Inside `soup` variable we are looking for `'ul', class_='pagination'`

The following code refers to the 

- **first 5 links of the pages**, 

- the **next 10 pages** and the **last one**, which is the one that interests us.

Save it in a variable of type list, called `unordered_list`

In [5]:
unordered_list = soup.find('ul', class_='pagination') # into variable
unordered_list = unordered_list.contents # tag's children available in a list called .content. from variable to list
unordered_list                           # list

['\n',
 <li>
 <span class="selected">1</span>
 </li>,
 '\n',
 <li>
 <a href="/anuncios/teclados-sintetizadores/pagina2" rel="next">2</a>
 </li>,
 '\n',
 <li>
 <a href="/anuncios/teclados-sintetizadores/pagina3">3</a>
 </li>,
 '\n',
 <li>
 <a href="/anuncios/teclados-sintetizadores/pagina4">4</a>
 </li>,
 '\n',
 <li>
 <a href="/anuncios/teclados-sintetizadores/pagina5">5</a>
 </li>,
 '\n',
 <li>
 <a href="/anuncios/teclados-sintetizadores/pagina11" title="Siguientes 10 páginas">›</a>
 </li>,
 '\n',
 <li>
 <a href="/anuncios/teclados-sintetizadores/pagina33" title="Última página">»</a>
 </li>,
 '\n']

### Exploring `unordered_list`

In [6]:
len(unordered_list) # number of elements

15

In [7]:
unordered_list[0] # first element

'\n'

In [8]:
unordered_list[-1] # last element

'\n'

In [9]:
unordered_list[-2] # this is the one I'm interested in

<li>
<a href="/anuncios/teclados-sintetizadores/pagina33" title="Última página">»</a>
</li>

### Get the value number from `unordered_list`

As what I need is to access the value within the list the strategy that I will follow is the following:

- Convert the list to a text string

- Filter the characters that correspond to numeric values

- Convert those numeric characters to numbers

No puedo que pueda acceder al valor que me interesa unicamente esperando que el valor que quiero esté en la penultima, asi que lo que haré será convertir el contenido de la lista en una cadena de texto y hacer un filtrado de los caracteres con mayor valor mediante expresiones regulares.

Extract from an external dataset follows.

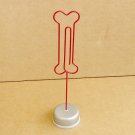 Memo & Name Holder Stand Display Bone Shaped
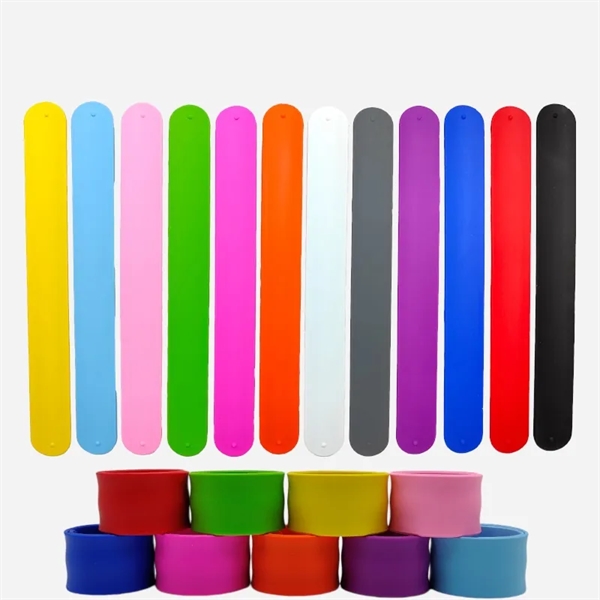 Silicone Slap Bracelet Wistbands Giveaways Gift - Silicone Slap Bracelet Wistbands Giveaways Gift - Image 4 of 4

Convierto el contenido de `paginas` en cadena de texto.

In [10]:
test = str(unordered_list[-2])
test

'<li>\n<a href="/anuncios/teclados-sintetizadores/pagina33" title="Última página">»</a>\n</li>'

`extractMax` function get the string numbers separated by minuscule characters and convert it to integers.

In [11]:
def extractMax(input):
     # get a list of all numbers separated by 
     # lower case characters 
     # \d+ is a regular expression which means
     # one or more digit
     # output will be like ['100','564','365']
    numbers = re.findall('\d+',input)
     # now we need to convert each number into integer
     # int(string) converts string into integer
     # we will map int() function onto all elements 
     # of numbers list
    numbers = map(int,numbers)
    return max(numbers) # devuelve un entero

In [12]:
page_numbers = extractMax(test)
page_numbers

33

We already have the number of pages that we will have to analyze. 

***

### Get and save all ad links.

Iterating on each of the pages we will extract:

- Everything that is a link.


- Those links what I do is stay with what ends in number which is the way to identify those who are ads and what are not.

In [13]:
links_ads = []        # all the ads on the page
listado_enlaces = []  # all the links on the page

pattern="([0-9]{4,9})" # filtro aquellos enlaces que acaban en numeros.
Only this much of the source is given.